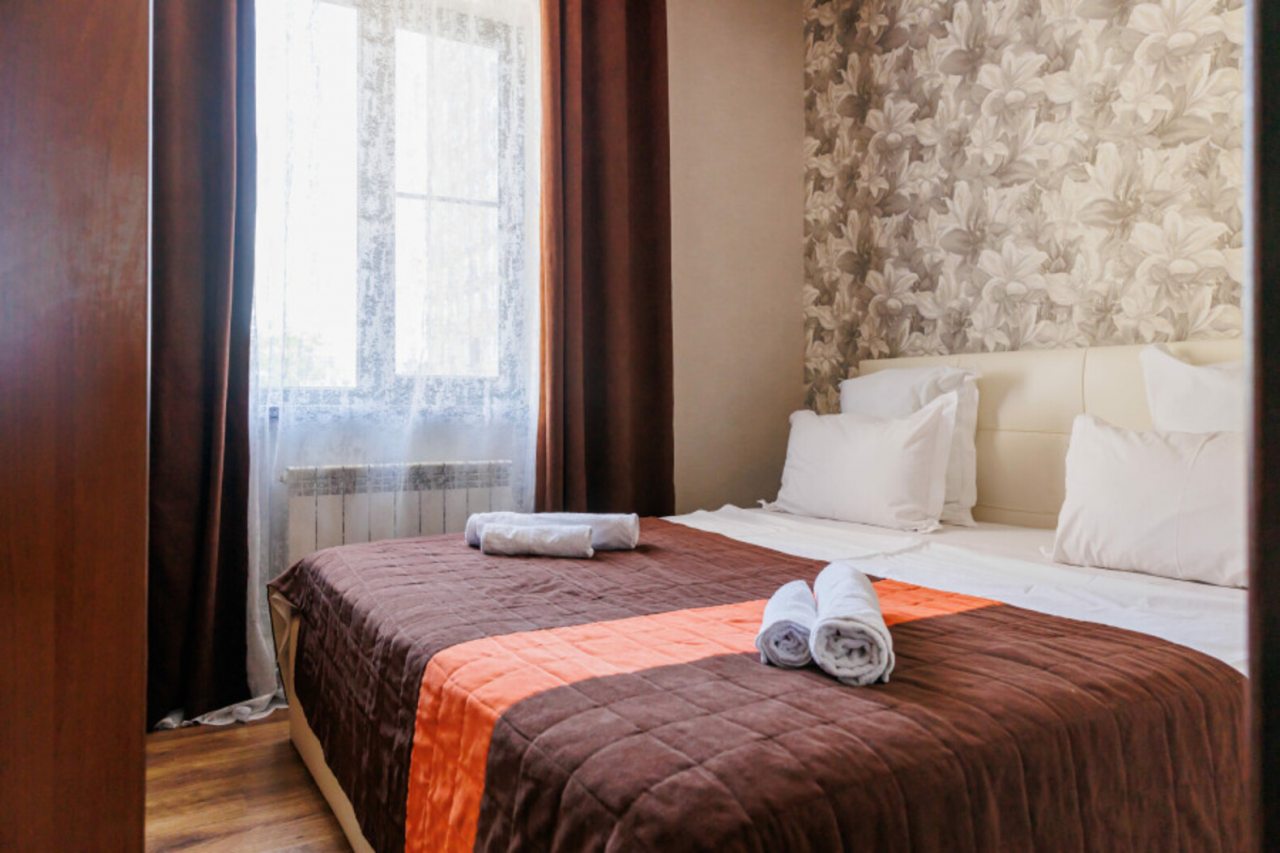 Апартаменты с двуспальной кроватью и диваном - кроватью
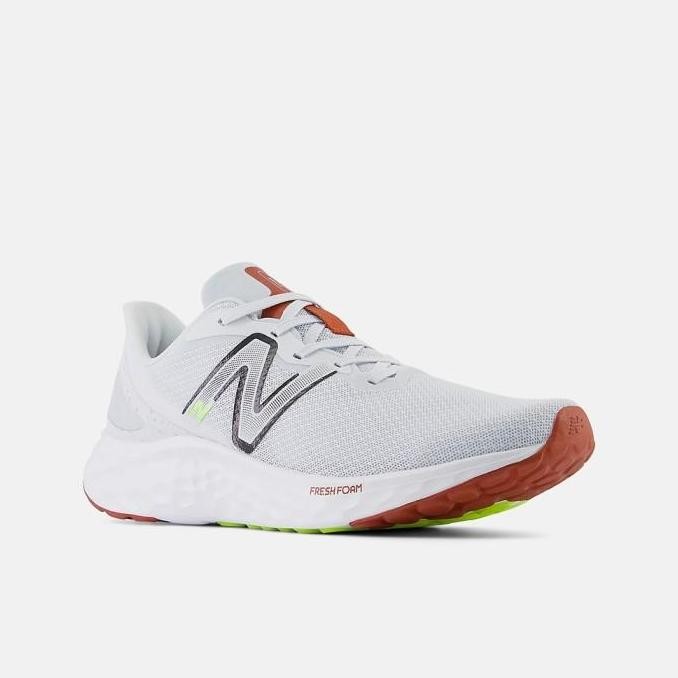 Sepatu Lari Pria New Balance Fresh Foam Arishi V4 Quartz Grey Brick Red Original Mariscy4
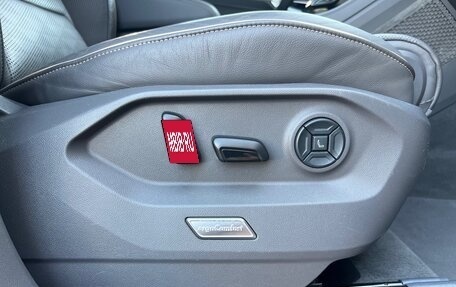 Volkswagen Touareg III, 2018 год, 3 750 000 рублей, 16 фотография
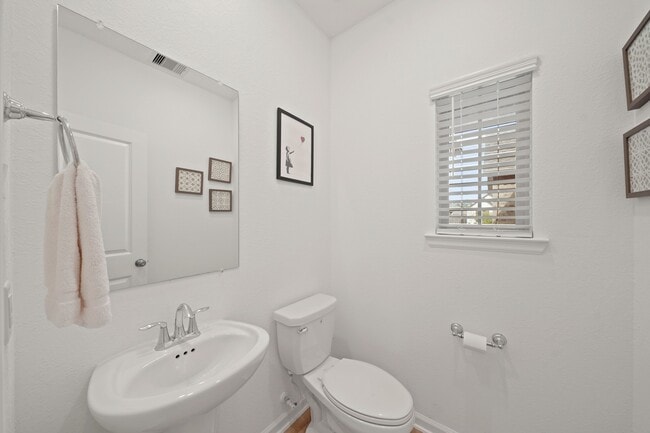 Building Photo - 9405 Vis Fls Trce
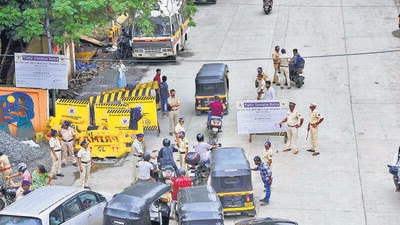 Mumbai, India - July 25, 2022: Heavy police bandobast as Aarey Colony Road closed for commuters temporarily for 24 hours amid tree cutting inside Aarey Colony for Metro-3 car shed underway at Goregaon, in Mumbai, India, on Monday, July 25, 2022. (Photo by Vijay Bate/HT Photo) (HT PHOTO) Mumbai, India - July 25, 2022: Heavy police bandobast as Aarey Colony Road closed for commuters temporarily for 24 hours amid tree cutting inside Aarey Colony for Metro-3 car shed underway at Goregaon, in Mumbai, India, on Monday, July 25, 2022. (Photo by Vijay Bate/HT Photo) (HT PHOTO)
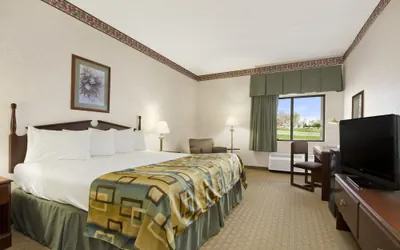 Photo 5 - Baymont by Wyndham Corbin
┄┄┄┄┄┄┄┄┄┄
**Requirement**
Restate word for word only the lines from the one with "Sepatu Lari Pria" through the last line of the material, both included. Any picture should be left out.

**Written solution**
 Sepatu Lari Pria New Balance Fresh Foam Arishi V4 Quartz Grey Brick Red Original Mariscy4
 Volkswagen Touareg III, 2018 год, 3 750 000 рублей, 16 фотография
 Building Photo - 9405 Vis Fls Trce
 Mumbai, India - July 25, 2022: Heavy police bandobast as Aarey Colony Road closed for commuters temporarily for 24 hours amid tree cutting inside Aarey Colony for Metro-3 car shed underway at Goregaon, in Mumbai, India, on Monday, July 25, 2022. (Photo by Vijay Bate/HT Photo) (HT PHOTO) Mumbai, India - July 25, 2022: Heavy police bandobast as Aarey Colony Road closed for commuters temporarily for 24 hours amid tree cutting inside Aarey Colony for Metro-3 car shed underway at Goregaon, in Mumbai, India, on Monday, July 25, 2022. (Photo by Vijay Bate/HT Photo) (HT PHOTO)
 Photo 5 - Baymont by Wyndham Corbin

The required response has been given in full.